Avoiding trees that are considered invasive is a key point, as invasive plants will take over the area and push out native trees. Norway maples, smooth buckthorn, and a number of others are considered to be invasive. Check with your state government’s department of conservation or with the U.S. forest service to see what may be an invasive species for your area. Not all trees are considered invasive across the United States – for instance, the black locust is considered a native plant in areas such as Georgia, but is an invasive plant in the northern states.
It’s good to see insects on a tree – in fact, some trees are meant to attract and harbor certain insects. However, you need to know the difference between an insect, and a pest. Pests will attack, infest, and destroy trees. This includes bugs such as the emerald ash borer, a pest that attacks ash trees across the United States. Know the types of bugs that may infest the tree you plant, and know how to control them. Also consider that, if there are similar trees around, a pest can jump from one to another, and wipe out entire stands over a breeding season.

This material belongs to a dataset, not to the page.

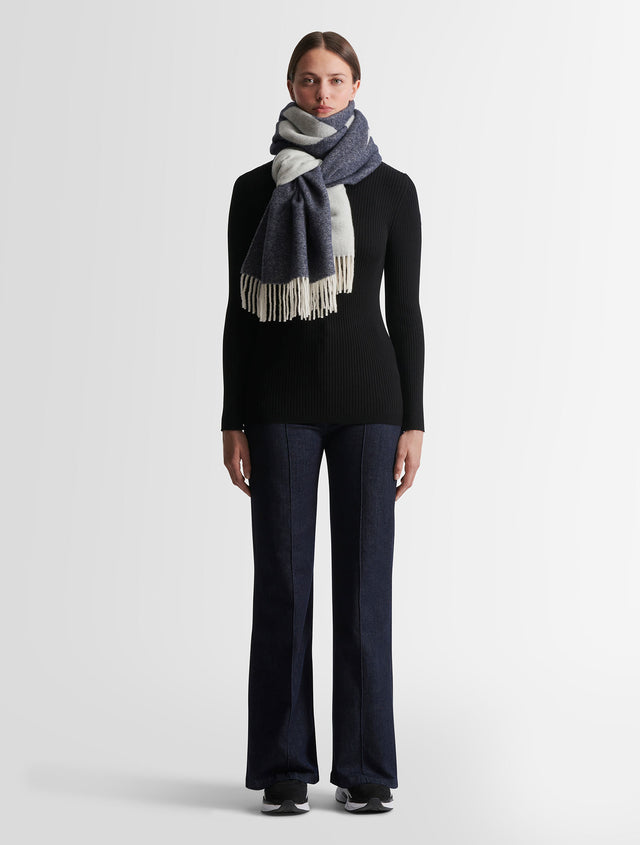 Fusalp ECHARPE OVERSIZE SCARF Souris/neige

Taking these factors into account before adding another tree to your property can help you to avoid issues in years to come. Remember that adding plants to an ecosystem is not something to take lightly, and adding the wrong plant or tree can upset the local ecosystem quickly. Thinking ahead will ensure that you retain healthy plants and trees for years to come, and a healthy local ecosystem. Beyond this guide, asking around at a local nursery or consulting with neighbors may help you make the right choice.